Bryan – I am originally from New York and I graduated from SUNY Binghamton. Following graduation, I was commissioned into the Marine Corps as a Second Lieutenant in 2008. I became an infantry officer and was stationed in the lovely 29 Palms, California for three years. While there, I deployed to Sangin, Afghanistan twice. When I was promoted to Captain, I went to The Basic School for the next three years. I enrolled in New York University’s MBA program and during the recruiting process I felt a real connection to the Barclays recruiting team and Stern alumni. Also, the Veterans Network at Barclays was very impressive. During my internship, I felt like everyone, from my Operating Committee Mentor to my Junior Mentor, was invested in my success, so I signed the full-time offer and I will be returning to the firm in July.
What about Barclays made you feel like it was such a good fit and enticed you to apply?
David – I explored all of the firms when I was searching for an internship and the established Military Network was very helpful. Everyone that I met took an interest in me and really tried to set me up for success. I found at other places, I got an “oh, that’s nice” type of response and then never heard from them again. Having the Military Network as a resource here made me feel like it was clearly something Barclays valued and that was important to me.
Bryan - During my summer I was able to attend two events hosted by the Barclays Military Network. How have you used this network throughout your career?
David – We have a very active Military Network. I’ve primarily used them through the recruitment pipeline to help other transitioning veterans who are interested in working in the financial services industry.
Bryan – That’s great! One of the highlights of our event was senior banker Teddy Roosevelt giving a speech about his time at the firm. His experience was a true testament to Barclays’ dedication to those that have served.
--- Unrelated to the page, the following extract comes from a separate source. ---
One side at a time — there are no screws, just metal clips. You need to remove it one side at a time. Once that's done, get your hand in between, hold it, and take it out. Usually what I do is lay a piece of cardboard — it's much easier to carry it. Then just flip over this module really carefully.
Bryan - Can you describe your transition from the military? What were the strengths that you brought to the firm and what were some of the weaknesses that you had to tighten up?
David – Not to be too stereotypical, but I think the strength the military brings to this job is attitude: no entitlement, ready to grind it out from the bottom, and really being a team player that didn’t resort to making others look bad to advance my own agenda. In terms of weaknesses, I think the biggest one would be not necessarily having the technical knowledge for the job that others may have had through their previous work experience.
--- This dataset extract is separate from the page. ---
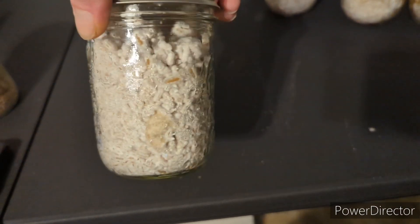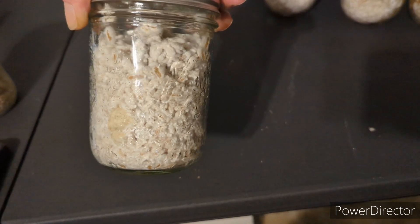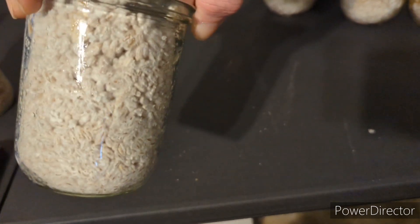With grain jars, when they get around 30 percent colonized you want to break them and shake them up so you can redistribute the colonized grain. You'll have more inoculation points, which will result in the jar colonizing faster. Shaking jars is also a great way to see if there's any contamination hiding out somewhere in the jar.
Bryan – I agree and have very similar strengths and weaknesses as you. I think it is inevitable, but not insurmountable. Do you think it is absolutely necessary to return to business school in order to land a job in finance after service?
David – I don’t think it’s absolutely crucial, but it really does make the transition a lot easier. I know people who were able to network themselves into great jobs in the sector after leaving active service, but I think that’s becoming more of a rarity especially if you joined active duty straight out of high school or college with no other full-time work experience. But, if you have an educational background in finance or related work experience, it’s certainly possible.
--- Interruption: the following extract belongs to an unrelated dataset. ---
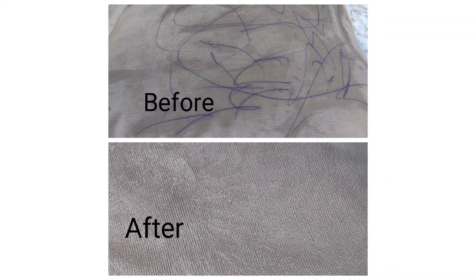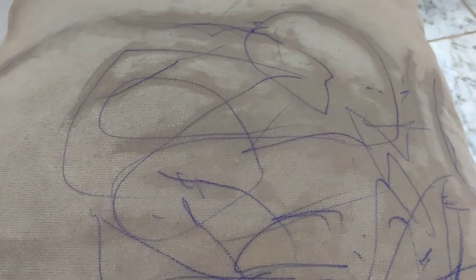Here is the picture before and after, so let me show you what I did. I want to make a video to show how to remove ink from fabric. This is a pillow where my daughter accidentally used the pen and made a beautiful art here, so now I have to remove it.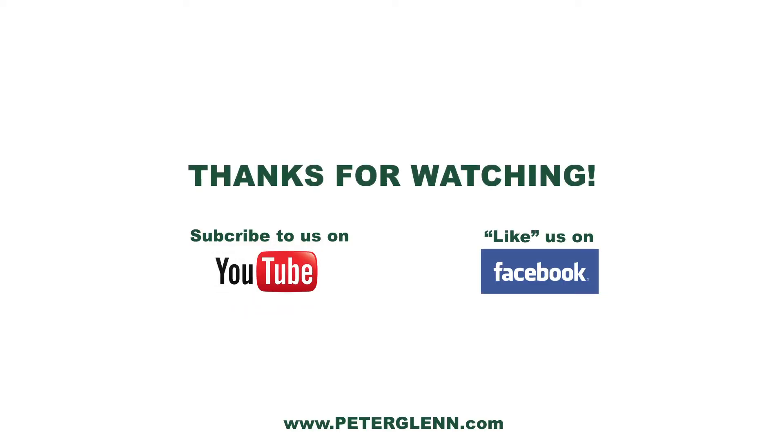Get yours today at PeterGlenn.com. Thank you.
Bryan – I definitely agree. Well David, I really appreciate this conversation and will ask one final question. What advice would you give to our young service members who are thinking of a transition to a career in financial services at a place like Barclays?
David – Network with as many people as possible. It’s easy to just take the first job that comes along, but you’re doing yourself a disservice with that. Learn the industry and get a feel for all of the different roles, products, and ultimately firms before making a decision.
Bryan – That’s great advice. I think networking with individuals who have made the transition will help you decide whether to go back to school or seek a job directly. There are veteran programs for each path, and making an informed decision will help you find the right one for you. Thank you for the conversation and I hope this post helps our fellow veterans out there that are looking to transition into the world of finance like us.